Ranked 18 out of 57


Overall Score: 48

Indicators of Influence

These seven key indicators highlight interference from the tobacco industry in Israel.

No. 1

Industry participation in policy development:

Indicator Score:

14 / 20

There are no indications in the public record of the existence of committees or official meetings in government ministries to which representatives of tobacco and smoking companies are invited.

In 2018, Philip Morris’s legal representative proposed the exclusion of e-mail from the blanket ban on advertising. The proposal was accepted and approved by the members of Knesset, provided the email recipients are 21 and older and gave their prior written consent.

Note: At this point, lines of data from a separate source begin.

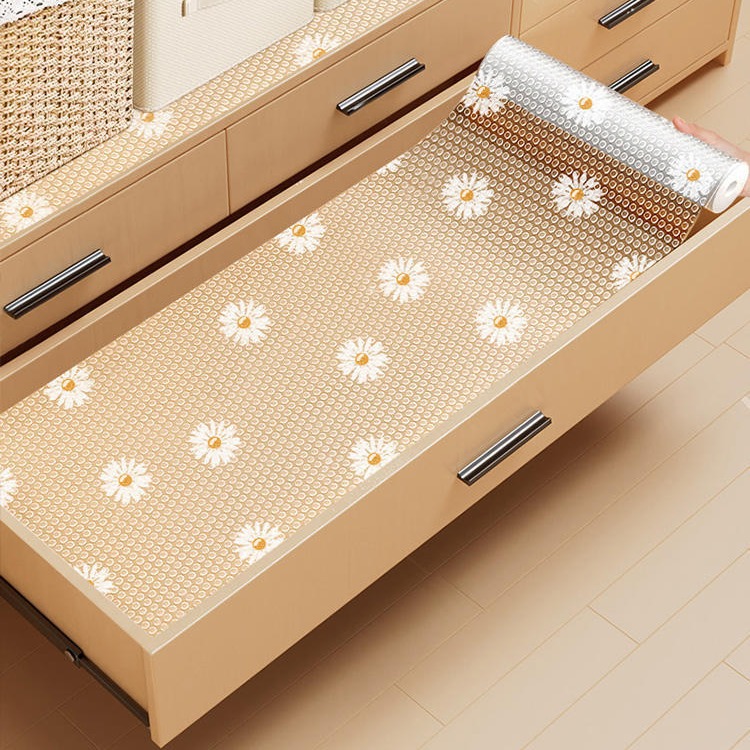Japanese-style daisy dot diamond pattern drawer pad paper wardrobe kitchen cabinet waterproof oil-proof dust-proof non-stick mat
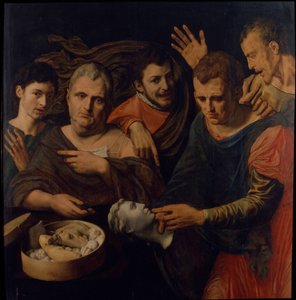 Portrett av Frans Floris og Willem Key med Titus, Caligula og Vitellius, 1537. av Frans Floris the Elder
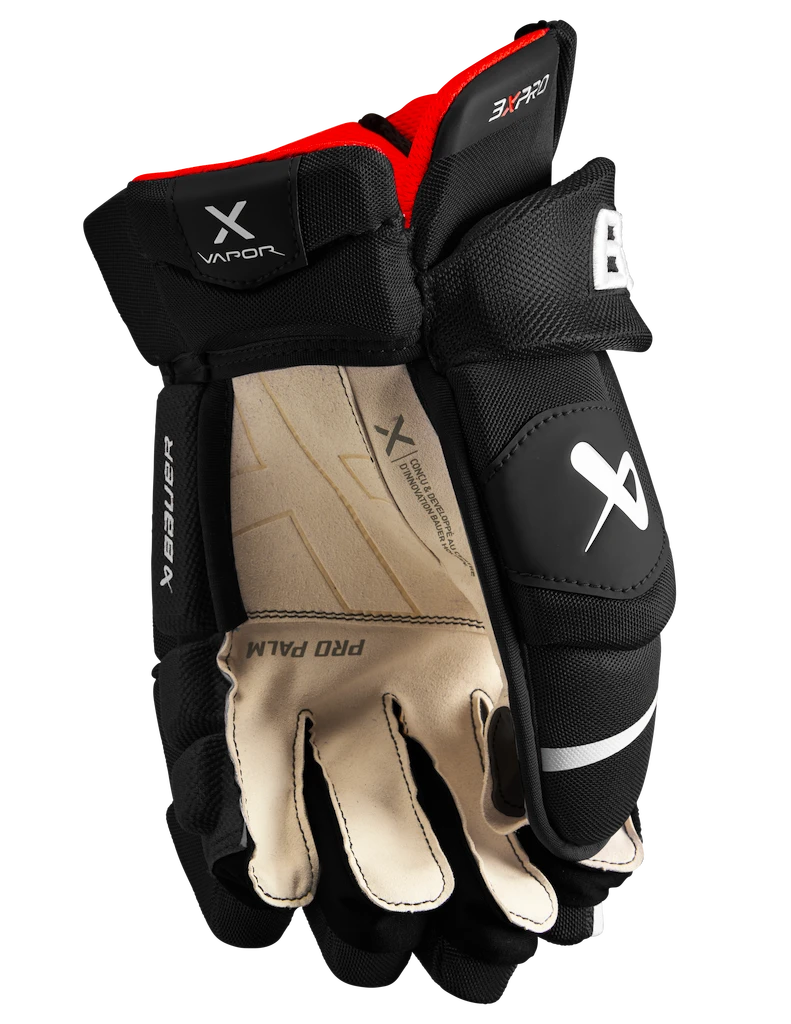 IJshockey handschoenen Bauer Vapor 3X PRO Black/White Intermediate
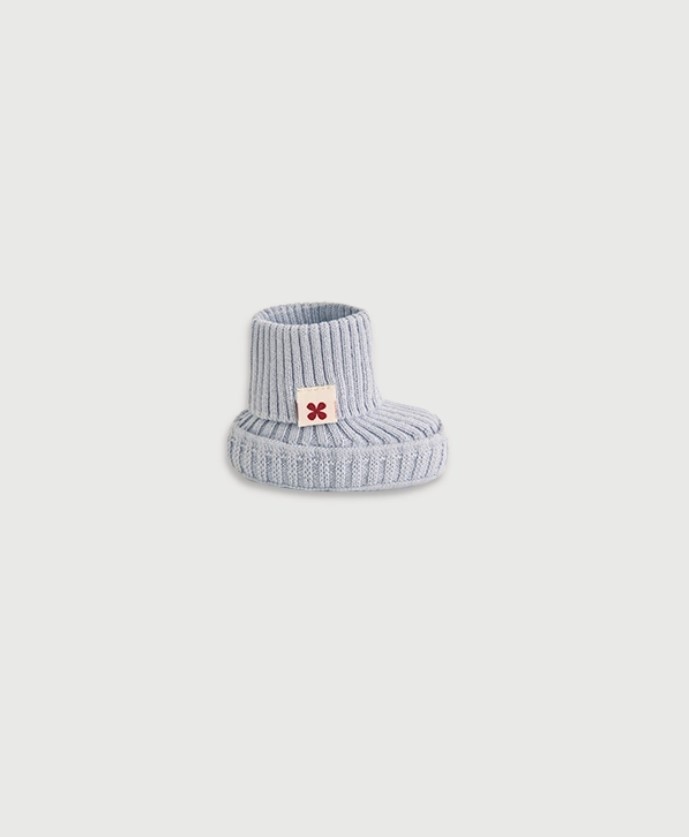 Пинетки Loomknits Пинетки вязаные из хлопка голубой 9, 11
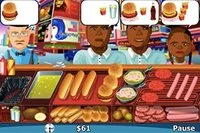 顧客にホットドッグを提供し、お金とポイントを稼ごう！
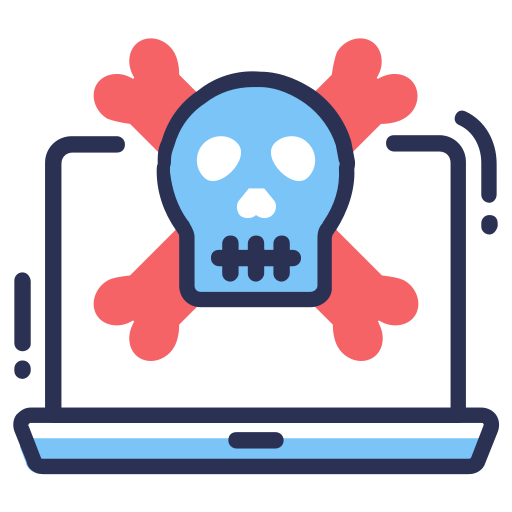 ataque cibernético icono gratis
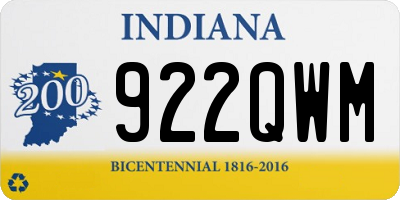 IN license plate 922QWM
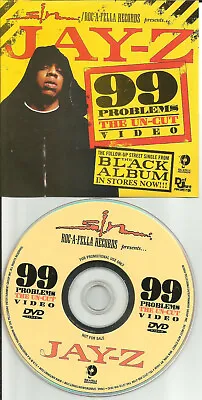 JAY Z 99 Problems UN CUT VIDEO PROMO DVD 2004 MINT USA SPECIAL PACKAGING • $34.99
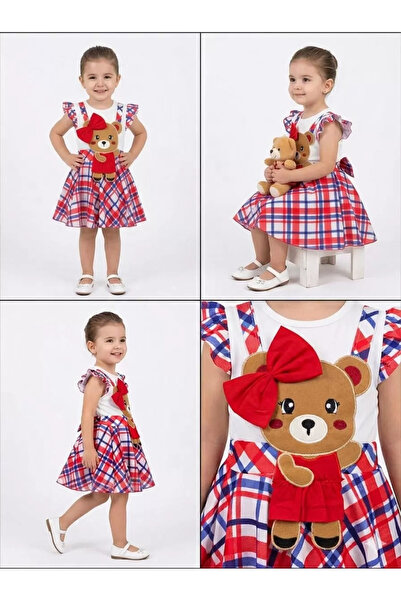 Generic Brand 1/4 Year Old T-Shirt, Teddy Bear Skirt, Salopet Children's Set ...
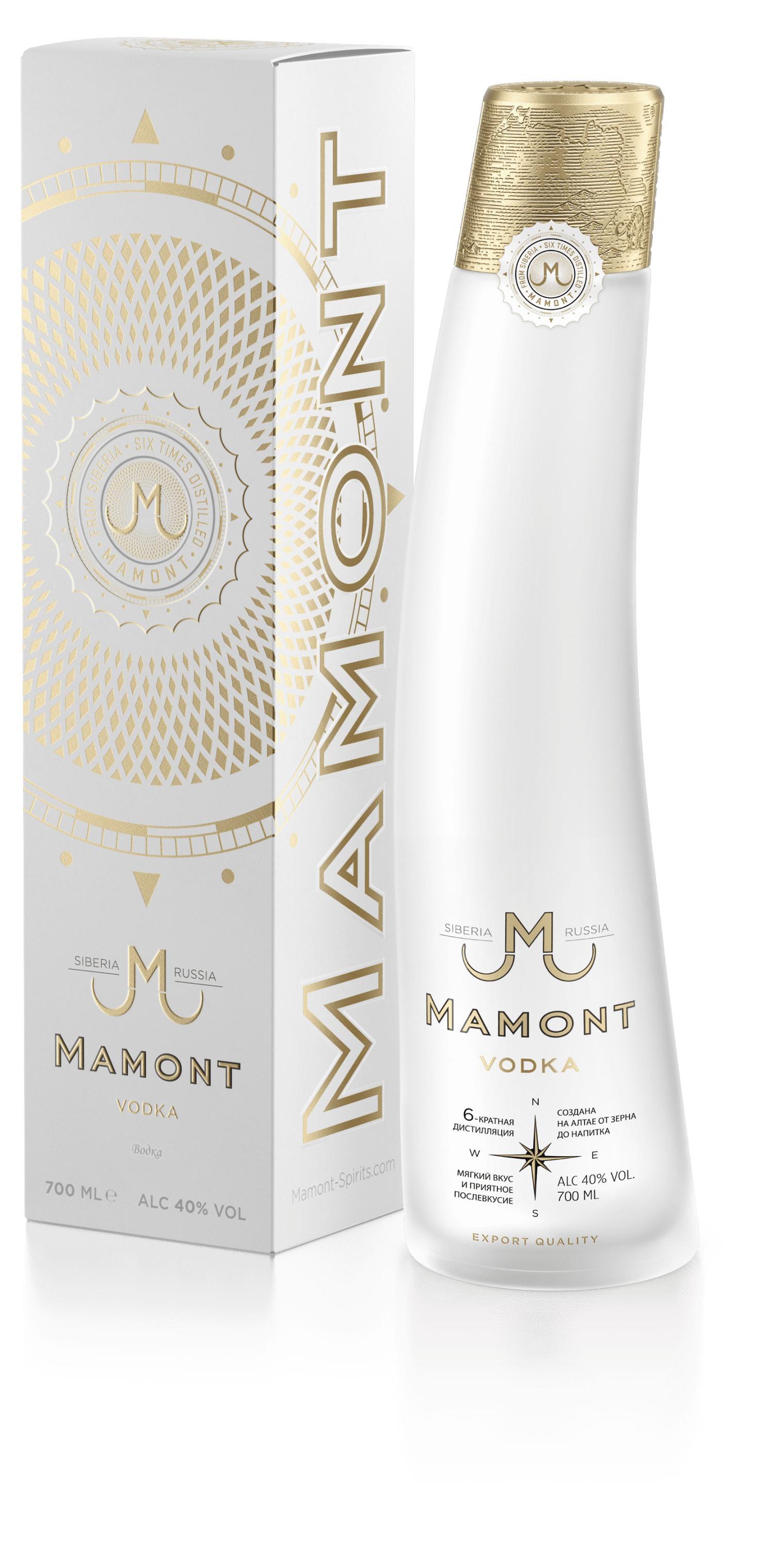 Mamont | Водка Mamont в подарочной коробке Россия, 0,7 л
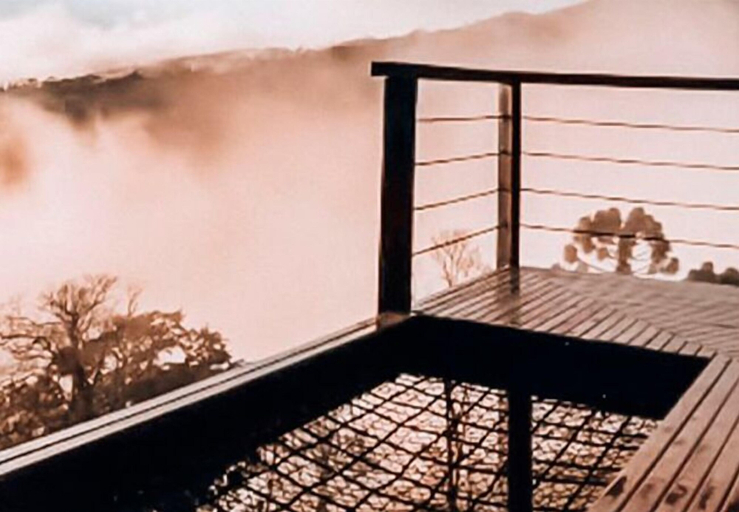 Interior, Chalé do Canyon, Alfredo Wagner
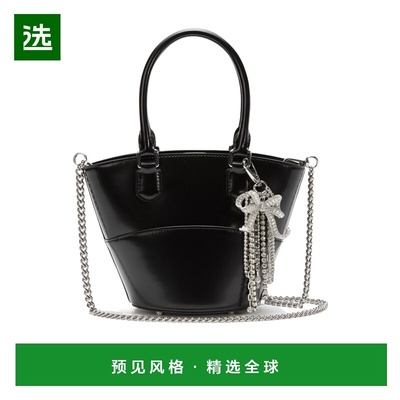 香港直邮SELF-PORTRAIT 女士单肩包 PF25314AB SS2025 黑色 皮革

Moreover, the cigar importers’ proposal to exclude cigars from plain packaging and emissions reporting requirements was also accepted.

No. 2

Tobacco industry-related CSR activities:

Indicator Score:

0 / 20

No such incidents have been identified for the 2017-2019 period by the government or its agencies or officials.

No. 3

Benefits given to the tobacco industry:

Indicator Score:

7 / 20

The Health Ministry’s initial treatment of heated tobacco products, specifically Philip Morris’s IQOS, and their exclusion from the Law Limiting the Advertising and Marketing of Tobacco Products, included preferential treatment of one smoking product over others, as noted in petition HCJ 2269/17 submitted by the Dubek Co. to the Supreme Court against the Minister of Health.

Following an order on the taxation of rolling tobacco signed in February 2019, which limits the size of the packs to 30-50 grams, an application came through for an extension of the deadline for using up inventory in the original packaging from February 2019 to January 2020. The extension was approved.

No. 4

Unnecessary interaction with the tobacco industry:

Indicator Score:

0 / 20

Throughout 2018, as part of the regulatory process relating to e-cigarettes, JUUL publicized details of actions it took to prevent the sale of its products to minors in a range of media channels and even offered to help the Ministry of Health with this issue. The Ministry of Health declined these offers.

No. 5

Procedure for transparency measures:

Indicator Score:

7 / 20

In January 2017, following an investigation that revealed the arrangement of meetings with the Minister of Health and senior Ministry officials in exchange for payments, a new chapter dedicated to reporting meetings with tobacco and smoking industry representatives was added.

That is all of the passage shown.